Seria de pensar que, no plano internacional, os comentadores, os economistas e os politólogos, com a assinatura do acordo, tivessem sossegado os mercados e os parceiros internacionais. Mas segundo Nouriel Roubini (o economista que previu a última crise financeira), Portugal e a Irlanda acabarão por ter o mesmo destino da Grécia. "Apesar do plano de resgate anunciado, apesar das ajudas à Grécia e apesar dos testes de resistência à banca, as dívidas dos países periféricos continuam a apresentar problemas. E o crescimento económico na Europa, especialmente nos PIGS, vai ser muito baixo e inclusivamente negativo. O panorama assusta", afirmou entrevista ao ‘El País'. E afirma que "com dívidas tão altas e com os planos de austeridade, a deflação é um risco sério", antecipando que "países como a Grécia vão ter que reestruturar a sua dívida e isso provocará uma nova crise orçamental" e que esta "já não é uma questão se vai acontecer, mas apenas quando". Concluindo, aponta o dedo, dando-os como culpados da difícil situação dos países periféricos, o Banco Central Europeu (BCE) e a Alemanha. "A teimosia do BCE, que se empenha em ver fantasmas de inflação, é um desastre para a Europa e em particular para os países periféricos", disse. E avisa "quando o euro atingir os 1,60 dólares desaparecerá qualquer possibilidade de recuperação, e provavelmente veremos outro país a pedir um resgate como fez a Grécia. Portugal e Irlanda são os países pior situados". Já Espanha, refere, "está muito melhor que a Grécia, e melhor que a Irlanda ou Portugal", apesar de que "tem uma dívida privada enorme, um desemprego muito elevado que não vai baixar no médio prazo e uma bolha imobiliária".

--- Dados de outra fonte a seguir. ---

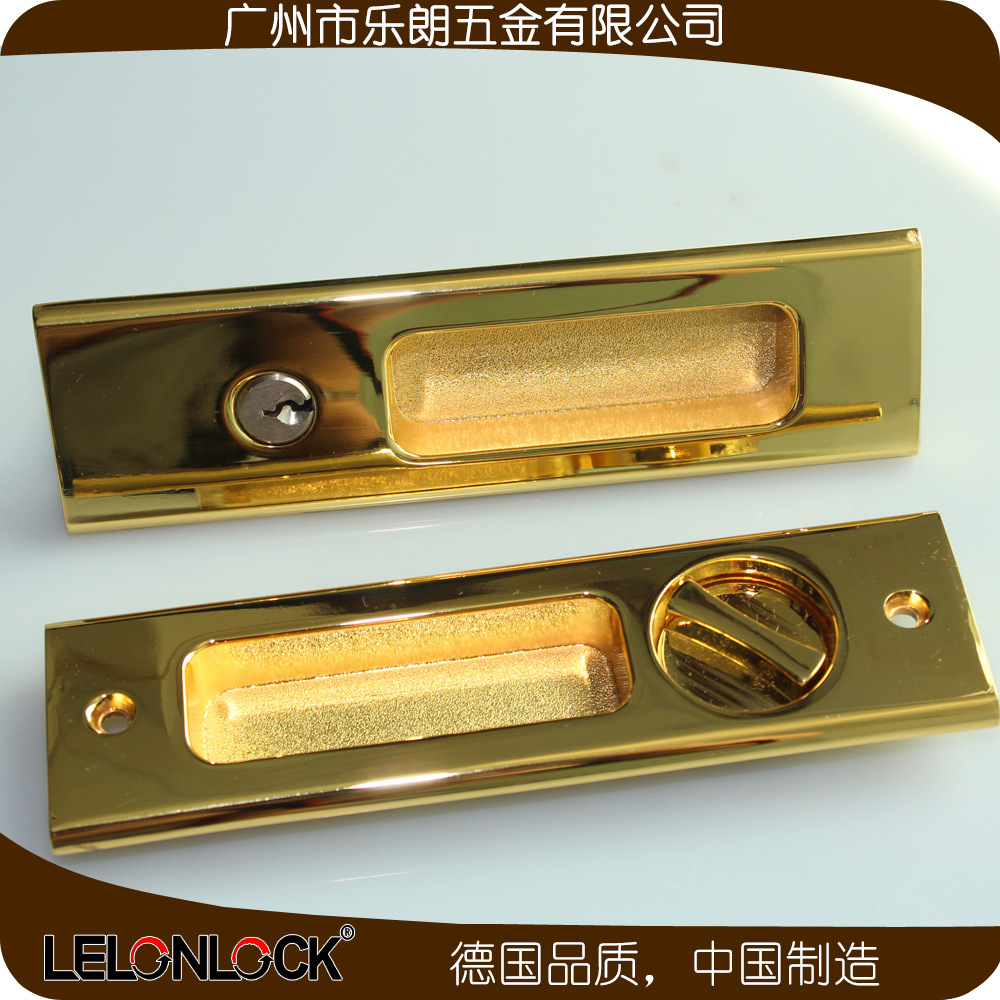 羞羞网站在线观看羞羞视频APP下载RSL-604ET 移门用锁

Por cá ficámos com a ideia de que o risco de nos vermos governados pelo FMI desapareceu com a aprovação do Orçamento. Por lá, ficaram com a ideia de que apenas conseguimos adiar o inevitável. No entretanto, resta-nos “conquistar Portugal”. É chegada a altura de, plagiando John F. Kennedy, cada português apontar para si mesmo e para o outro e dizer " Não perguntes o que o teu País pode fazer por ti, mas sim o que tu podes fazer pelo teu Pais"?